Scan the data below. Pull out each line where "Pendant" occurs.

→ **Supplied records**
■ ■ ■ ■
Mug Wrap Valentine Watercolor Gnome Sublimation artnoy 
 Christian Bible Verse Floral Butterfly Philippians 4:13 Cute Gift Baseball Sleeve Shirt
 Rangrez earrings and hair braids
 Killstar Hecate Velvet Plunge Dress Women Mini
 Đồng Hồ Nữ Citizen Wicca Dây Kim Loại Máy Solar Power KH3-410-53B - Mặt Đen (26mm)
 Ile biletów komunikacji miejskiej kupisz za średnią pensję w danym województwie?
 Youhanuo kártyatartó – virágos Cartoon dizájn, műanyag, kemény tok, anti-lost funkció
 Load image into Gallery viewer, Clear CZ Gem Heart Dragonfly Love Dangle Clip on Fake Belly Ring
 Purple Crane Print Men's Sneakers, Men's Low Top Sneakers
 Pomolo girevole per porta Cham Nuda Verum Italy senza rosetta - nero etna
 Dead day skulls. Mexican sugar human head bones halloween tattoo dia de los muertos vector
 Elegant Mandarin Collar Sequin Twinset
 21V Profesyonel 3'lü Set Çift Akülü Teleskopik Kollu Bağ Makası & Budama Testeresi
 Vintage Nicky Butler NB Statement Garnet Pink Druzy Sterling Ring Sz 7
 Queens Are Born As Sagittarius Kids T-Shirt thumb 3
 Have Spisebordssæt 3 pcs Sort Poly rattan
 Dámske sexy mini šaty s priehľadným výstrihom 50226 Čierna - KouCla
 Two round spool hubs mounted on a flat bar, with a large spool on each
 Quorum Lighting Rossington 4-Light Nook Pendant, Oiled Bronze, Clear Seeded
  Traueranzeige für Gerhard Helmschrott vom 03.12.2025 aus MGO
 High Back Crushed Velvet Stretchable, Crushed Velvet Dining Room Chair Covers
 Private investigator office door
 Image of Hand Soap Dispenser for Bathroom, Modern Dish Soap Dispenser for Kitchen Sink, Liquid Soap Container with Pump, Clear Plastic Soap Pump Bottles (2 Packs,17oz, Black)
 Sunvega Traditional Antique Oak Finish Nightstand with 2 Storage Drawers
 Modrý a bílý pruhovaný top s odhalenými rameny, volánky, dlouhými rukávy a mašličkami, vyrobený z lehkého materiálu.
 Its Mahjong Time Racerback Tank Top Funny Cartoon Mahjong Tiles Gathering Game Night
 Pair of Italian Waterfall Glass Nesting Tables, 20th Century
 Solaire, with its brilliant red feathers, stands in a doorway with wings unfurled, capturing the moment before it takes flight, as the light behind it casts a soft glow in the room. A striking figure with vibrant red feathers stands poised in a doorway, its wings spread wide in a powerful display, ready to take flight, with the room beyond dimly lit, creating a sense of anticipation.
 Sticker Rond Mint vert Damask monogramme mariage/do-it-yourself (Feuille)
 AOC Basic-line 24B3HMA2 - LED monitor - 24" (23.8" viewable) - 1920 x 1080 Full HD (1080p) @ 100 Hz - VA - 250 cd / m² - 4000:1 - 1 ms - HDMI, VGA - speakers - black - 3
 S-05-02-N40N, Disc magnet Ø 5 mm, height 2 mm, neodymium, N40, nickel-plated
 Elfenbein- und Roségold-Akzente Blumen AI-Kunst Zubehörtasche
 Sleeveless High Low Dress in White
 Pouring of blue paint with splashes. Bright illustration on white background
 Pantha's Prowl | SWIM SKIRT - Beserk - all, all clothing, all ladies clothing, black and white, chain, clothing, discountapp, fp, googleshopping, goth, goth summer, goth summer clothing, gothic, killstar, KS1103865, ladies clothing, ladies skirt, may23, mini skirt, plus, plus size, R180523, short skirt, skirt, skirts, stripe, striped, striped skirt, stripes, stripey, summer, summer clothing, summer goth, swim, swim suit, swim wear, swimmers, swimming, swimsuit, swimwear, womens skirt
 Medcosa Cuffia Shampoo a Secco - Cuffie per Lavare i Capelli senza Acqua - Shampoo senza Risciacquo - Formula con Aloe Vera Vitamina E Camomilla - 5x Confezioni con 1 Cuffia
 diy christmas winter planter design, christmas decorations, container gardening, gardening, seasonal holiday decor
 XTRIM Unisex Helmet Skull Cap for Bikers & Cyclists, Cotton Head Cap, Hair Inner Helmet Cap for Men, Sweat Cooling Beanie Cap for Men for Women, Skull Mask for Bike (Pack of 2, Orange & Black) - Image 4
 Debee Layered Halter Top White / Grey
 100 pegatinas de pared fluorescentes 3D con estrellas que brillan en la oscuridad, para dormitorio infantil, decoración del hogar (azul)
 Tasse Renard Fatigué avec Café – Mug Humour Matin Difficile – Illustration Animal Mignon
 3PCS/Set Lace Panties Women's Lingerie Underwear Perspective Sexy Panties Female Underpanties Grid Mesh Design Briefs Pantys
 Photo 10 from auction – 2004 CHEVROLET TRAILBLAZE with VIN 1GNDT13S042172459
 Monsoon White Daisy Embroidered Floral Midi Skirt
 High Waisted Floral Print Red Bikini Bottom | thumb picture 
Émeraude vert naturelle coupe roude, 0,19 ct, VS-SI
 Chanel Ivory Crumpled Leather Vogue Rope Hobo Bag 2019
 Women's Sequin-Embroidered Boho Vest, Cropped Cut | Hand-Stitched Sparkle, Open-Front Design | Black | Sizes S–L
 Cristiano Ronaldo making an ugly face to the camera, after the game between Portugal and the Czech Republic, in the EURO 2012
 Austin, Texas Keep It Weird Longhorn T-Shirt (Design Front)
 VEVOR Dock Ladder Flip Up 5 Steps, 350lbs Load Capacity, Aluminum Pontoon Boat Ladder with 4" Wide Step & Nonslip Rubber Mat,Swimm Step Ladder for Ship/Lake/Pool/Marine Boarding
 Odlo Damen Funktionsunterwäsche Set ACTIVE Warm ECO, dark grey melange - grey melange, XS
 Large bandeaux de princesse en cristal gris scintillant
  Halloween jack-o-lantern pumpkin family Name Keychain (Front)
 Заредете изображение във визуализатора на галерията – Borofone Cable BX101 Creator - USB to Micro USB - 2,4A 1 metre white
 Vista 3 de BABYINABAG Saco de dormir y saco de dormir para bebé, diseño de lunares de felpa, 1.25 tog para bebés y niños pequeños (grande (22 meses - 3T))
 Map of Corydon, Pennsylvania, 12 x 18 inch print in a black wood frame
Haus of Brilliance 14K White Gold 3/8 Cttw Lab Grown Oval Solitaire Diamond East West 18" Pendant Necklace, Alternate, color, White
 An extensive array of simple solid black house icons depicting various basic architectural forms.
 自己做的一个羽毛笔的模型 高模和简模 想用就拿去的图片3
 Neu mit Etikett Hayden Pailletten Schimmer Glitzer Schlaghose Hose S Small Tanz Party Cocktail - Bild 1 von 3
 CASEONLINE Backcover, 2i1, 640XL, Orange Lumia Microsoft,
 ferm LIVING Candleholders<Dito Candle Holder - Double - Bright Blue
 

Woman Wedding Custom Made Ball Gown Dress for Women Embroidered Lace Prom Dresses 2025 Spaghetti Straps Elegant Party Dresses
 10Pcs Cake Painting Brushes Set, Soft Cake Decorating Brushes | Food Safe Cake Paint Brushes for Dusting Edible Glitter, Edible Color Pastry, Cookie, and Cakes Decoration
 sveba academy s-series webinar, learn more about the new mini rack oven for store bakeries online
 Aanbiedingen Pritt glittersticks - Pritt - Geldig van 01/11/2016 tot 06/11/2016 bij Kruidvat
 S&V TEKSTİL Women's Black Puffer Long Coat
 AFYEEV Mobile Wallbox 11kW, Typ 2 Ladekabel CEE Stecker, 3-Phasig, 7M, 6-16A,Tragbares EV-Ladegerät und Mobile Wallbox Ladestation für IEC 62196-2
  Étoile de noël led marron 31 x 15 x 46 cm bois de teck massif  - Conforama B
■ ■ ■ ■
→ **Response to this task**
 Quorum Lighting Rossington 4-Light Nook Pendant, Oiled Bronze, Clear Seeded
Haus of Brilliance 14K White Gold 3/8 Cttw Lab Grown Oval Solitaire Diamond East West 18" Pendant Necklace, Alternate, color, White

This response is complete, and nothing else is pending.